What Automation Means for the Gender Gap
Within the next decade, rapid advances in artificial intelligence and automation will radically upend the labor market, replacing millions of jobs with new occupations that will require new technical skills. For women, the challenge is especially acute, because they will still face all the usual obstacles to gender parity at work.
BERKELEY – Recent trends, and the broader history of technological change, indicate that automation will usher in major shifts in labor markets over the next decade, displacing millions of workers but also creating millions of new jobs that require new skills. The McKinsey Global Institute, having documented these changes for several years, has produced a new report examining how automation might affect men and women differently. A key conclusion of the study is that persistent gender disparities in the workplace, as documented in a previous MGI report, will make it more difficult for women than for men to adapt to the coming changes in labor demand, skill requirements, and employment locations.
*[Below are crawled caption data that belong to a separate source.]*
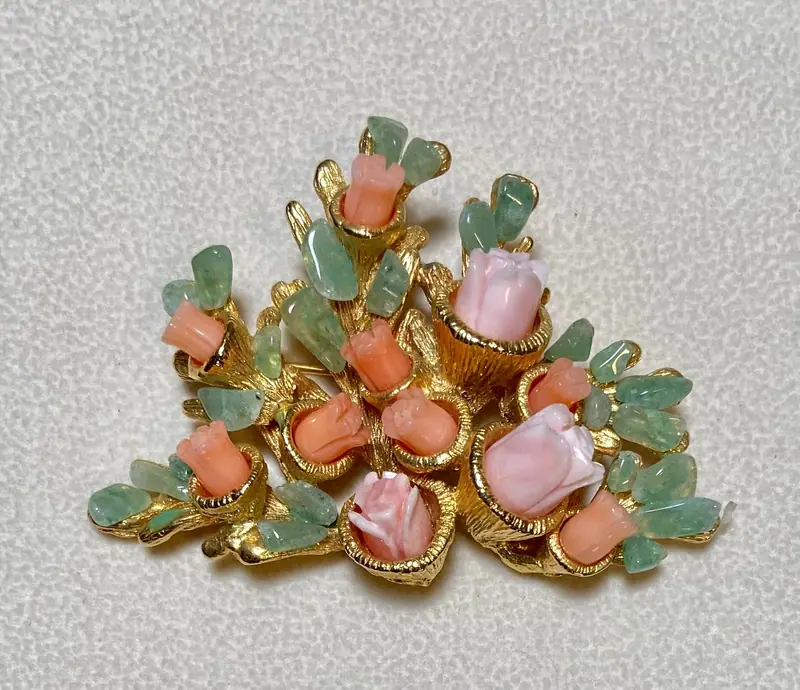 Flower Brooch — Coral, Aventurine
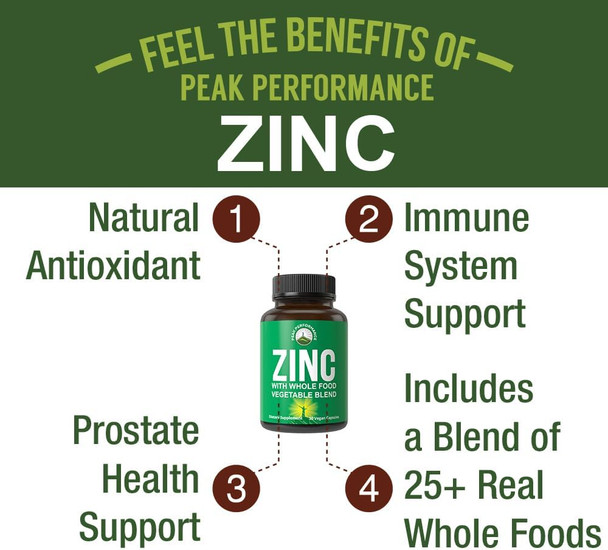 Vegan Zinc Supplement With Vitamin C + Whole Food Blend Of 25 Vegetables And Fruits For Max Absorption. Zinc Supplements Zinc 30Mg Capsules, Pills, Tablets, Vitamins For Adults Both Men And Women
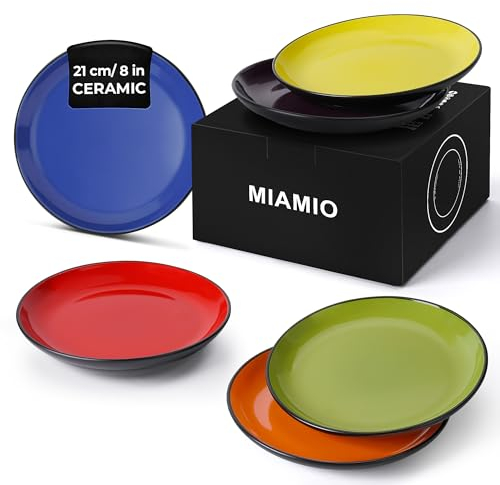 MIAMIO - Ensemble d'assiettes 6 en céramique grès pour la table - Collection Le Papillon (Mixte, 21 cm)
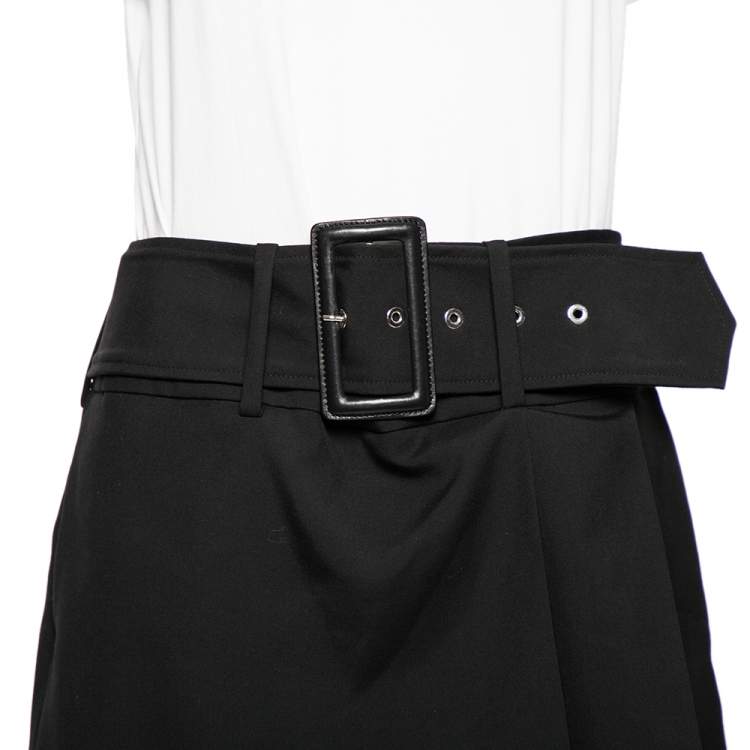 Pre Owned Givenchy Black Wool Belted Skirt Detail Trousers L 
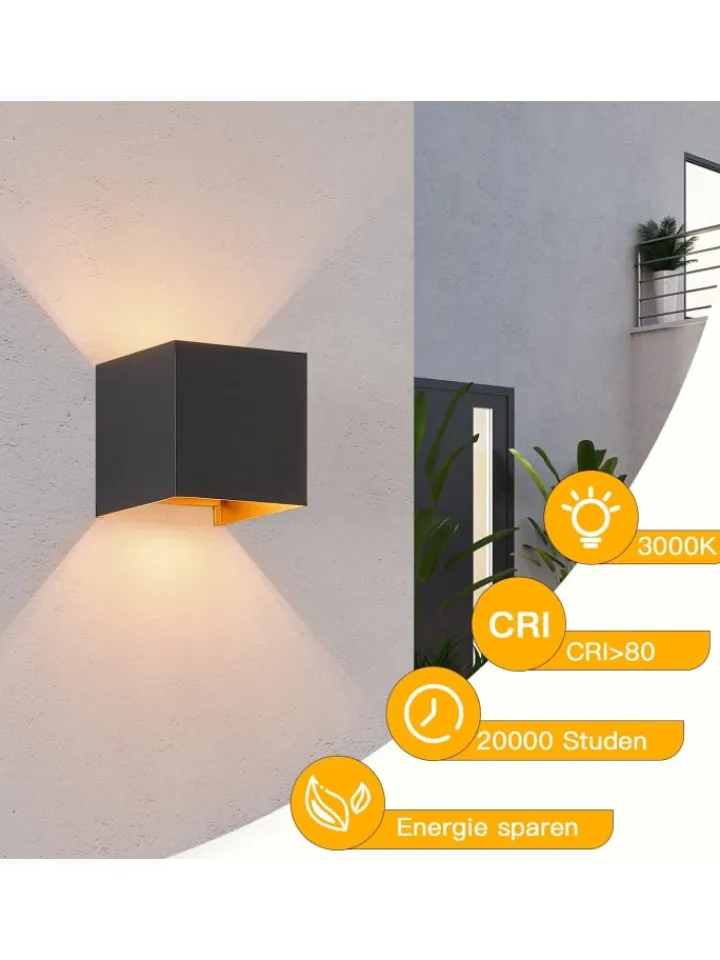 ZMH Wandleuchten<4er-Set Wandleuchte LED 1-flammige G9 in schwarzgold 3000K warmweiß IP65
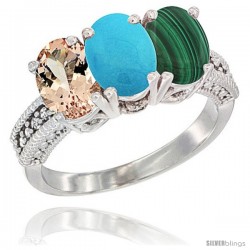 10K White Gold Natural Morganite, Turquoise & Malachite Ring 3-Stone Oval 7x5 mm Diamond Accent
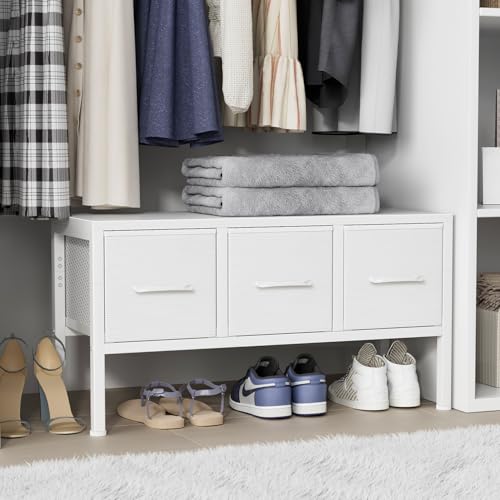 BOLUO Closet Storage with 3 Fabric Drawers Small White Dresser for Closet Floor Organizer Dorm Bedroom White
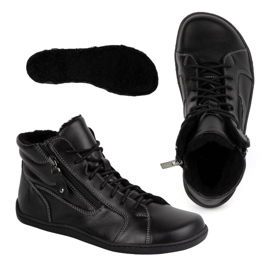 Olivier Női minimalista mezítlábas téli bőrcipő 1261 fekete 2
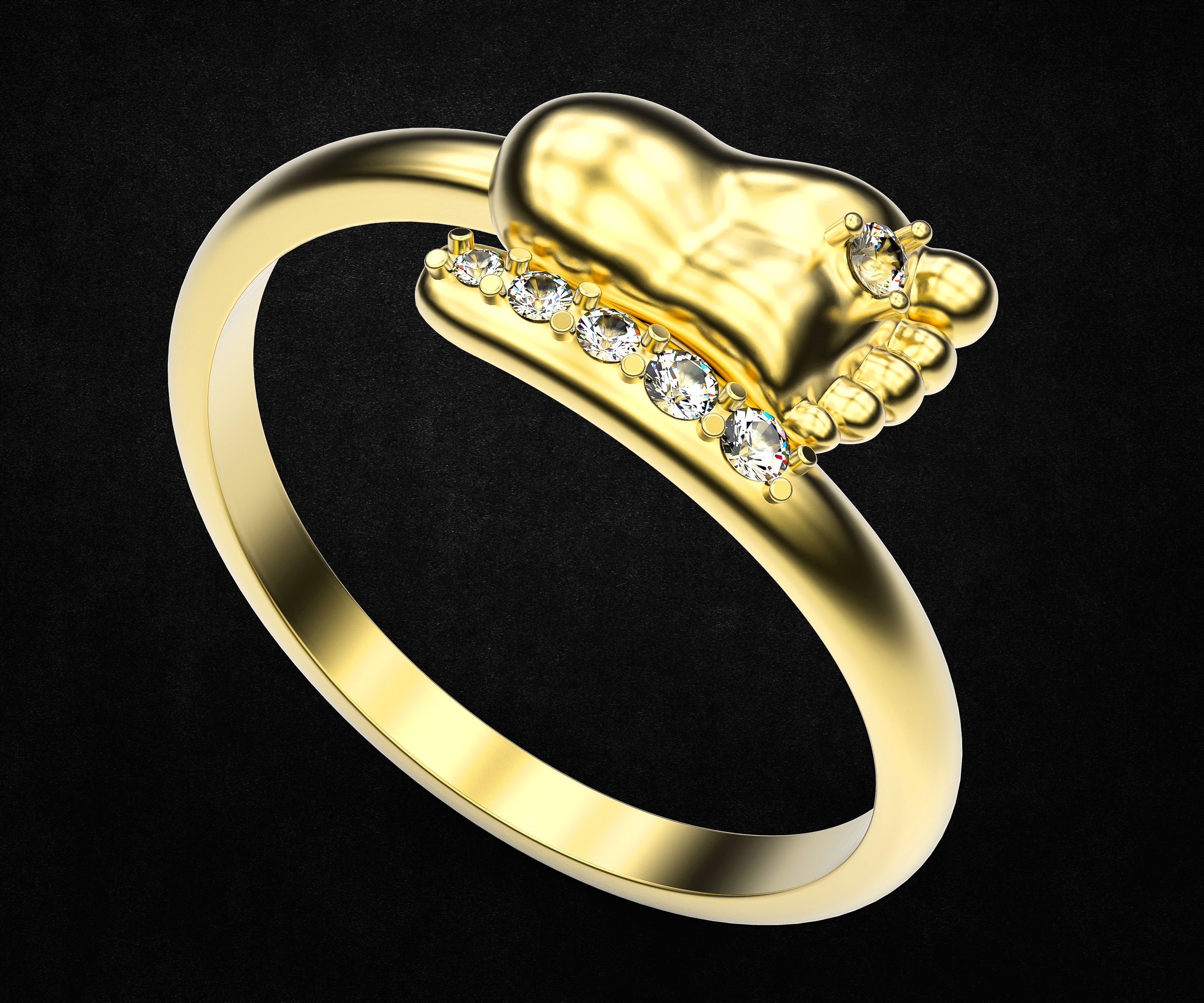 baby foot ring jewelry wedding bracelet pendant earrings men cufflinks gold silver platinum crucifix cross rings 3D print model - Mito3D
Based on a sample of six mature and four emerging economies – accounting for around half the world’s population and 60% of global GDP – MGI estimates that the share of women whose jobs will be displaced (20%) is slightly smaller than that of men (21%). Gender differences in the patterns of displacement, however, will be significant.
Both routine physical and routine cognitive tasks are highly automatable. Because men are more highly represented in routine physical occupations (such as machine operators), 40% of their overall job losses will fall into this category. By contrast, 52% of female job losses will be in routine cognitive jobs (such as clerical work), owing to women’s higher representation in this domain.
Even with automation, the overall demand for workers will increase alongside rising productivity. Rising incomes; the growing demand for health care, childcare, and elder care in aging societies; and investments in infrastructure, energy, and technology will create new job opportunities. Given the sectoral and occupational distribution of these opportunities, women may be slightly better placed to take advantage of them.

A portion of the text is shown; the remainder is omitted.